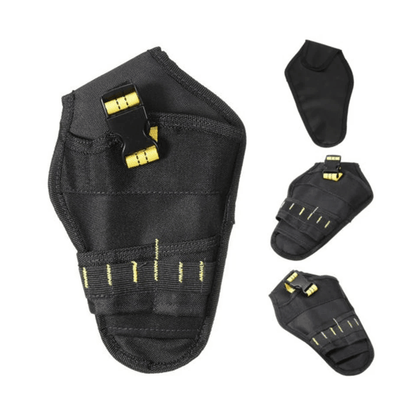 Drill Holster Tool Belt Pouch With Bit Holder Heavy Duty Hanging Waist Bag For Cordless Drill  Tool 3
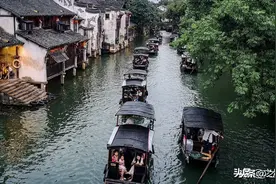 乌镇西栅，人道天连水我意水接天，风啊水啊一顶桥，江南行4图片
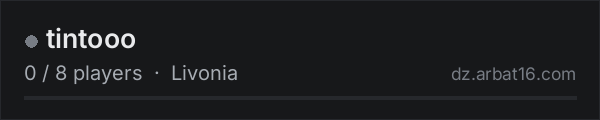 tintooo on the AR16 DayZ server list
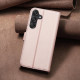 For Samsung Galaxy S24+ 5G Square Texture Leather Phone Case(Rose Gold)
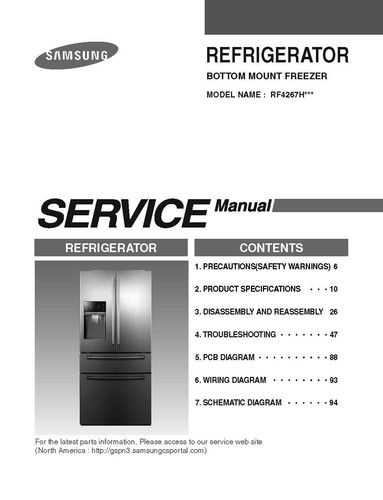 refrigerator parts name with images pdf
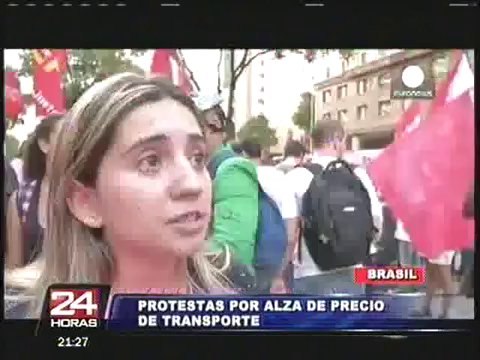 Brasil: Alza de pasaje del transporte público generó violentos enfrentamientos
########################################
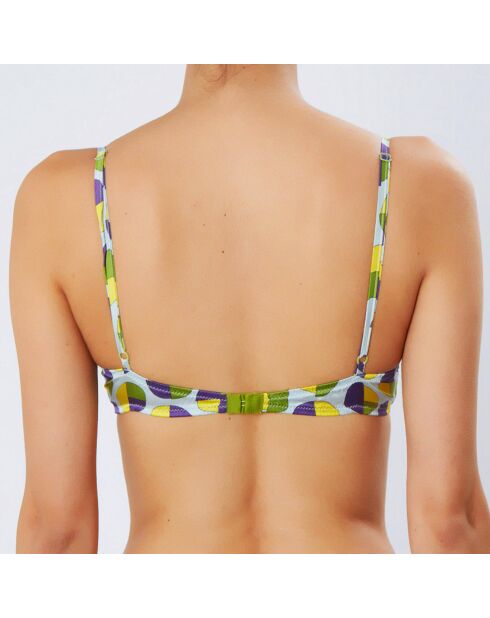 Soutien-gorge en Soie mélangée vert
########################################
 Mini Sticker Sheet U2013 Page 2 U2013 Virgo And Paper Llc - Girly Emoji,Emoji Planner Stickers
########################################
TASK STATEMENT
Using the entries above, repeat exactly the lines from the one with "refrigerator parts name with images pdf" to the one with "Brasil: Alza de", both included, and leave the pictures behind.

TASK RESULT
 refrigerator parts name with images pdf
 Brasil: Alza de pasaje del transporte público generó violentos enfrentamientos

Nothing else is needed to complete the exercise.